# DATA EXTRACT
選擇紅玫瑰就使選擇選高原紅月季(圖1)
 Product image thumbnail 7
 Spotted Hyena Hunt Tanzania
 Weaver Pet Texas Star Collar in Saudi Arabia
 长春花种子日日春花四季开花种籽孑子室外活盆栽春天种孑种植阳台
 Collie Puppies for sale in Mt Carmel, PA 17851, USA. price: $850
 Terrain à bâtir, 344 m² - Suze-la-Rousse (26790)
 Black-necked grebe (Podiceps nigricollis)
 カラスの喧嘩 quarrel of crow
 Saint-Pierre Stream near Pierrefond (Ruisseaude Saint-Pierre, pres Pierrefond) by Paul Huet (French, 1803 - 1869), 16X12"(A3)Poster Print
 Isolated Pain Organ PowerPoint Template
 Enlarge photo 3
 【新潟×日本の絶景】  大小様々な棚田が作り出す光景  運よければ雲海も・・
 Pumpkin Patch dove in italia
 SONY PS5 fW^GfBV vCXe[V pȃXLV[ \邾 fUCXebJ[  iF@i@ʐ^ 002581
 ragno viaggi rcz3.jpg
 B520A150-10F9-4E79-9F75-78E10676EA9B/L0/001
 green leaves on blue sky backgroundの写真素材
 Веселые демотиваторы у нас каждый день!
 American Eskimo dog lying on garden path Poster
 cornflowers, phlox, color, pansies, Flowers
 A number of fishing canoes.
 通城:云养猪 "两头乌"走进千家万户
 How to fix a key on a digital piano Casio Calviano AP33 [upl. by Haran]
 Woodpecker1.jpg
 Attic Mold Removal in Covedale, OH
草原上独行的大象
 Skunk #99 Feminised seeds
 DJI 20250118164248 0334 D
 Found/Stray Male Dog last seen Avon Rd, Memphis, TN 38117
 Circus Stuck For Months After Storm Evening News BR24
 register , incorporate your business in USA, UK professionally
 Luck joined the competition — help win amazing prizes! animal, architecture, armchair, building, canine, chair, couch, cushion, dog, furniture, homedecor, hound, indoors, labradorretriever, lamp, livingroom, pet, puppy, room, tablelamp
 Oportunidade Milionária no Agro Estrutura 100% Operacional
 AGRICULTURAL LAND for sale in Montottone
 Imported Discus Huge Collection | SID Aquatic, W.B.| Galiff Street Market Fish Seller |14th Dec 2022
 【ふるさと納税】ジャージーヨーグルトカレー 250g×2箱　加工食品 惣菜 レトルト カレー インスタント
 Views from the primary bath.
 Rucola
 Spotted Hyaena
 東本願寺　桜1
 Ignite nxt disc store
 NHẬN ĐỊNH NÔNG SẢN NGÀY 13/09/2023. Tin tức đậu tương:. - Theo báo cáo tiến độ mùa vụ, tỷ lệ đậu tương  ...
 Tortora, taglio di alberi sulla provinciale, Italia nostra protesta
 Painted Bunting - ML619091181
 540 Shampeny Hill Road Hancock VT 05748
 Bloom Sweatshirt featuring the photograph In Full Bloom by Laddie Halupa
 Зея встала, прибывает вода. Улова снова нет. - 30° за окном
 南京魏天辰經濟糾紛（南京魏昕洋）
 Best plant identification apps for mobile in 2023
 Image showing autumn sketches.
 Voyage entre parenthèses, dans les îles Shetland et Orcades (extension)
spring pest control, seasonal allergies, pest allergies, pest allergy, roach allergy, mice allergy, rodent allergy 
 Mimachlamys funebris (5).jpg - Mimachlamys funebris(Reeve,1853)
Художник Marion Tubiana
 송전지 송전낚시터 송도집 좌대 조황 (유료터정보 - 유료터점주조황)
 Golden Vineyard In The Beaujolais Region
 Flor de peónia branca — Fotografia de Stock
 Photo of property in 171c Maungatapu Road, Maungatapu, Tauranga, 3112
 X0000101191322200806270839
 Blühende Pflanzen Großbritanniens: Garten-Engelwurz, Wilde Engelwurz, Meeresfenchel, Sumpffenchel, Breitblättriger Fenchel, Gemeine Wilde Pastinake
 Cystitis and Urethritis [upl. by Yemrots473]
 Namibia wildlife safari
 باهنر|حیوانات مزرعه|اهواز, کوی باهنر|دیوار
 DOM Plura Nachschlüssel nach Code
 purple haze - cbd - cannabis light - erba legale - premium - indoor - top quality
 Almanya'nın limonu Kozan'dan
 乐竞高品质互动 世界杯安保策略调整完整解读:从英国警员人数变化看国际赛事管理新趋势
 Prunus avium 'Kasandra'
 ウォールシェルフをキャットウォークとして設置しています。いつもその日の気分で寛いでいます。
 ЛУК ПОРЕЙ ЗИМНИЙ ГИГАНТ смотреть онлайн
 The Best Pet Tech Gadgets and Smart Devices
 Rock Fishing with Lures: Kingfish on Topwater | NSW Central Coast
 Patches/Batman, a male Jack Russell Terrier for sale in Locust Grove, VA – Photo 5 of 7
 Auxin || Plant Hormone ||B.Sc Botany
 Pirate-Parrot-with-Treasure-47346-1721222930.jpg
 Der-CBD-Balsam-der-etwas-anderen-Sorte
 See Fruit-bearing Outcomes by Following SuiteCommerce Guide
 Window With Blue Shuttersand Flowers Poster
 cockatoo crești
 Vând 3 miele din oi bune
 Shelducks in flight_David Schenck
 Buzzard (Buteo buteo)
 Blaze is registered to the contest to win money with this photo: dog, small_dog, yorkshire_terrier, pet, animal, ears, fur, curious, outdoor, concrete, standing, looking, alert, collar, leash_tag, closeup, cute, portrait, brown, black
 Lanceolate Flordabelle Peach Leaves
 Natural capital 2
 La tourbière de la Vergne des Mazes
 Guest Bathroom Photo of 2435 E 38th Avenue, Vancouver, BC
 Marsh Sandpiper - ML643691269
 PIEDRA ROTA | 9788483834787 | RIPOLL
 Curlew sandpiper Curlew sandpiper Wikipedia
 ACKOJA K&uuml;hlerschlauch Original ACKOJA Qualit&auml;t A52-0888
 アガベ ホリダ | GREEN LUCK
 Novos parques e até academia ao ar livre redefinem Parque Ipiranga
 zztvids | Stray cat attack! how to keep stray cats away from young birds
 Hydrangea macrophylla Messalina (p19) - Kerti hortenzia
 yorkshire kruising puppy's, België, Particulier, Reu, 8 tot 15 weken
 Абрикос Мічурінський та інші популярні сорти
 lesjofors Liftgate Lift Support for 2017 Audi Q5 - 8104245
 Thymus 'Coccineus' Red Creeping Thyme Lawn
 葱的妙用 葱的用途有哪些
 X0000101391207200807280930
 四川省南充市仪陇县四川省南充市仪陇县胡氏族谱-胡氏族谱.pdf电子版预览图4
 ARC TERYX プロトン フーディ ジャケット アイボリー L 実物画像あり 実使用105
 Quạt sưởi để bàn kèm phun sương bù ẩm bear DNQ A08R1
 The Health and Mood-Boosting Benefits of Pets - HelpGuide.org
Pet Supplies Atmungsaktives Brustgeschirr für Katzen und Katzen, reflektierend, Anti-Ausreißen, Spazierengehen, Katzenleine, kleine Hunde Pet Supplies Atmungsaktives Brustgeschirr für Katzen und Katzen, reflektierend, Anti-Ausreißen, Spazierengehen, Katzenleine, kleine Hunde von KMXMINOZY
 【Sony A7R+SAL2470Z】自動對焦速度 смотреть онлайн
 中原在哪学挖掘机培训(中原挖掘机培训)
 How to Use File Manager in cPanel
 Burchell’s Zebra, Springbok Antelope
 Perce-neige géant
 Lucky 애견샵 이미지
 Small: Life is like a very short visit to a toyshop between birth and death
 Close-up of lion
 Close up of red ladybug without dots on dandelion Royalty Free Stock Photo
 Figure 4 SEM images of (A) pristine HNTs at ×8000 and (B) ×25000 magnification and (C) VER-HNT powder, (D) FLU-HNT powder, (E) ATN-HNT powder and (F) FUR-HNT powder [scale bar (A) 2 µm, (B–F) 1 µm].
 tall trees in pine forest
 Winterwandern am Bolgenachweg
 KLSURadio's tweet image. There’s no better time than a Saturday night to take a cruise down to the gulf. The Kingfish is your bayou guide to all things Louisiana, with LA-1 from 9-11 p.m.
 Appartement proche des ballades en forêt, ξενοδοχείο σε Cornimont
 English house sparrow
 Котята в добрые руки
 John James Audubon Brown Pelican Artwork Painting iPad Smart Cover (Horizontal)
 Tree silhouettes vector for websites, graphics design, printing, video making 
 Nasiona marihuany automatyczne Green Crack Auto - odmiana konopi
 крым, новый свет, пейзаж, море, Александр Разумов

# TASK GOAL
Using the data above, reproduce exactly the lines between those holding "Auxin || Plant Hormone ||B.Sc Botany" and "Marsh Sandpiper - ML643691269", inclusive, and no others.

# COMPLETED TASK
 Auxin || Plant Hormone ||B.Sc Botany
 Pirate-Parrot-with-Treasure-47346-1721222930.jpg
 Der-CBD-Balsam-der-etwas-anderen-Sorte
 See Fruit-bearing Outcomes by Following SuiteCommerce Guide
 Window With Blue Shuttersand Flowers Poster
 cockatoo crești
 Vând 3 miele din oi bune
 Shelducks in flight_David Schenck
 Buzzard (Buteo buteo)
 Blaze is registered to the contest to win money with this photo: dog, small_dog, yorkshire_terrier, pet, animal, ears, fur, curious, outdoor, concrete, standing, looking, alert, collar, leash_tag, closeup, cute, portrait, brown, black
 Lanceolate Flordabelle Peach Leaves
 Natural capital 2
 La tourbière de la Vergne des Mazes
 Guest Bathroom Photo of 2435 E 38th Avenue, Vancouver, BC
 Marsh Sandpiper - ML643691269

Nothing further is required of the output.